▶ _WHAT IS EXPECTED_
Print the records below exactly, from the line containing "DAIHATSU MOVE — фото" down to the line containing "Set di 12 coltelli", both lines included, and omit every picture.

▶ _RECORDS FOR THIS TASK_
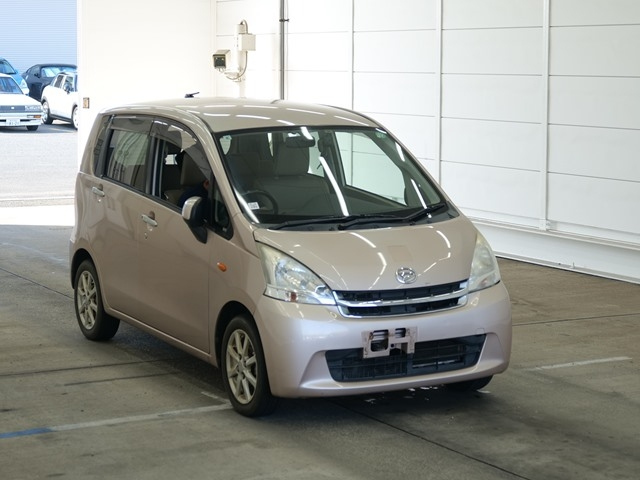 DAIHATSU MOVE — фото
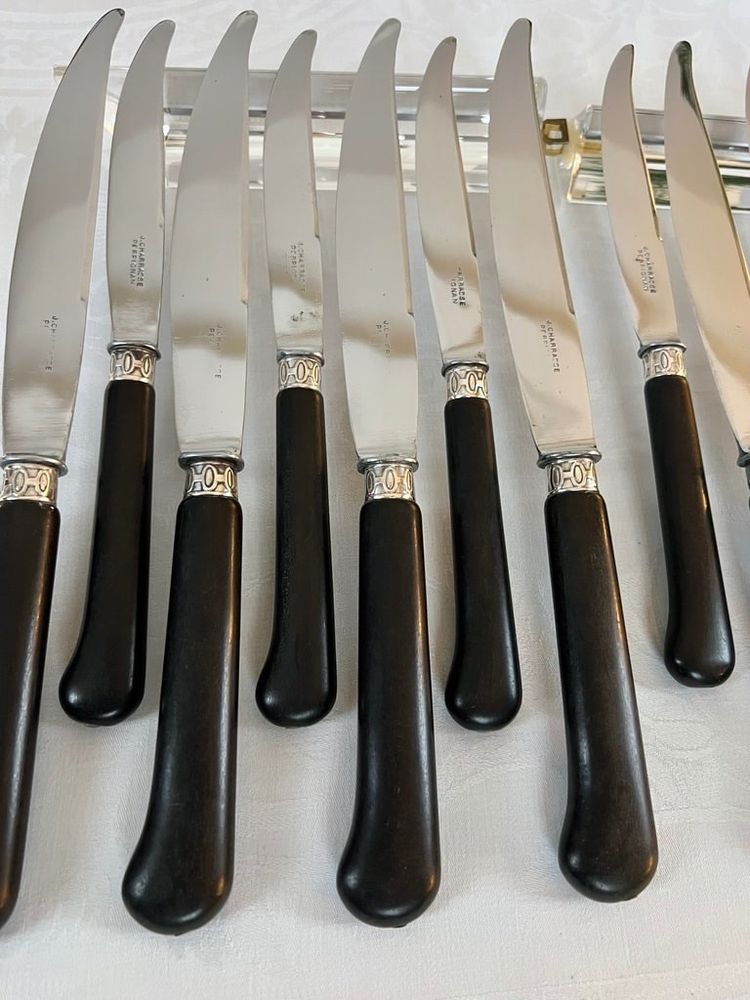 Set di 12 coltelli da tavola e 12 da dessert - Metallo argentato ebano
* * *
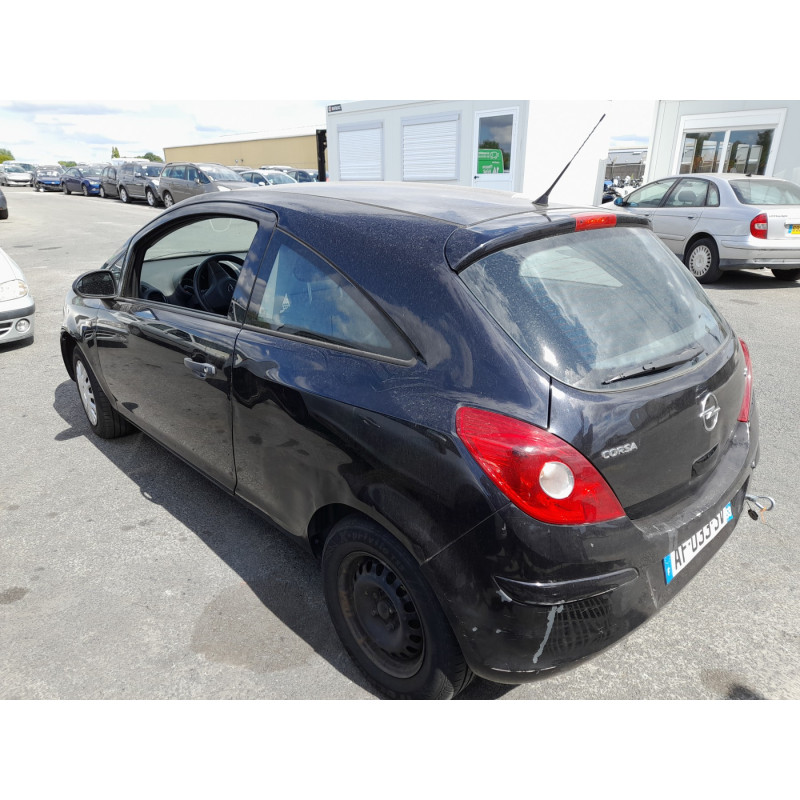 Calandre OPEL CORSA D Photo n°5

▶ _SOLUTION TO THE PROBLEM_
 DAIHATSU MOVE — фото
 Set di 12 coltelli da tavola e 12 da dessert - Metallo argentato ebano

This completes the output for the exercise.